La trayectoria de Belkis desafía los estereotipos de género y demuestra que la vocación técnica no entiende de fronteras. Su historia es un recorrido desde las aulas del legendario Instituto Superior Politécnico José Antonio Echevarría (CUJAE), hasta los pasillos del Centro de Operaciones de la Empresa Eléctrica Las Tunas.
Su amor por las ciencias exactas fue el motor que la impulsó a estudiar. “Mi asignatura favorita siempre fue Matemáticas, también me gustaba la Física y la Química. Fue en 12mo grado donde un profesor de Química terminó de inclinar la balanza. Cuando llegan las carreras, esta fue mi primera opción y me fue otorgada”, afirma.
Sin embargo, al adentrarse en la carrera de "Tecnología de las producciones químicas encontré con una realidad distinta a la que me imaginaba. Pensé que aprendería de elementos químicos, laboratorios y cosas así, y resultó que la carrera es más de diseñar y evaluar la tecnología por donde pasa un proceso químico. Lejos de decepcionarme me motivé y hoy no me veo en un laboratorio. Me siento muy satisfecha de mi profesión, a pesar de haberla ejercido muy poco”, confiesa.
¿El secreto de su satisfacción? La metodología. “Esa formación de razonar cada situación, investigar y analizar cada resultado. No aceptar números fríos sin un análisis. Esa enseñanza me ha servido para la vida y para mí actual desempeño en el sector eléctrico”.
En los años 90, cuando Belkis estudiaba, los mitos que decían que las carreras de ingenirias eran solo para hombres ya empezaban a desmoronarse, aunque de manera curiosa.
“En esta especialidad, la mayoría de las estudiantes de mi año eran mujeres, quizás por el error de pensar que es para realizar análisis en un laboratorio y no para estar en una fábrica. Las mujeres hemos demostrado que podemos realizar cualquier tarea por compleja o difícil que sea”, sentencia con orgullo.
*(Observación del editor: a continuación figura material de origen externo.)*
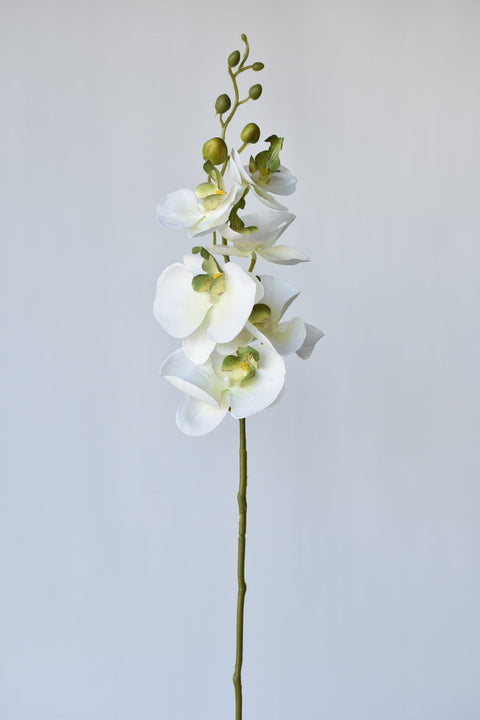 33" Faux White Phalaenopsis Orchid Stem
Belkis ha criado a dos hijos que siguieron sus pasos, pero con sus propios matices. “Mis hijos están orgullosos. Desde pequeños les transmití de alguna manera esa inclinación por las ingenierías. El mayor se graduó como ingeniero en Telecomunicaciones y Electrónica en la Universidad de Oriente, mientras que el menor estudia Ingeniería Informática en la Universidad de Las Tunas.
Ellos, además de orgullosos, son felices de que pudieron tener mi presencia para aclarar sus dudas y orientarlos”, añade con satisfacción.
Aunque su vida profesional ha estado más ligada a la electricidad que a los procesos químicos, Belkis no siente que haya desperdiciado su carrera. Desde septiembre de 2011 labora en la Empresa Eléctrica, primero en la UEB Grupos Electrógenos de emergencia y desde abril de 2018 en la UEB Centro de Operaciones, donde desempeña funciones de control interno, calidad y capacitación.
“Tengo 33 años de trabajo. Y aunque no ejerzo como ingeniera Química, los conocimientos no quedan en el olvido, me sirven para un mejor ejercicio de mi trabajo”.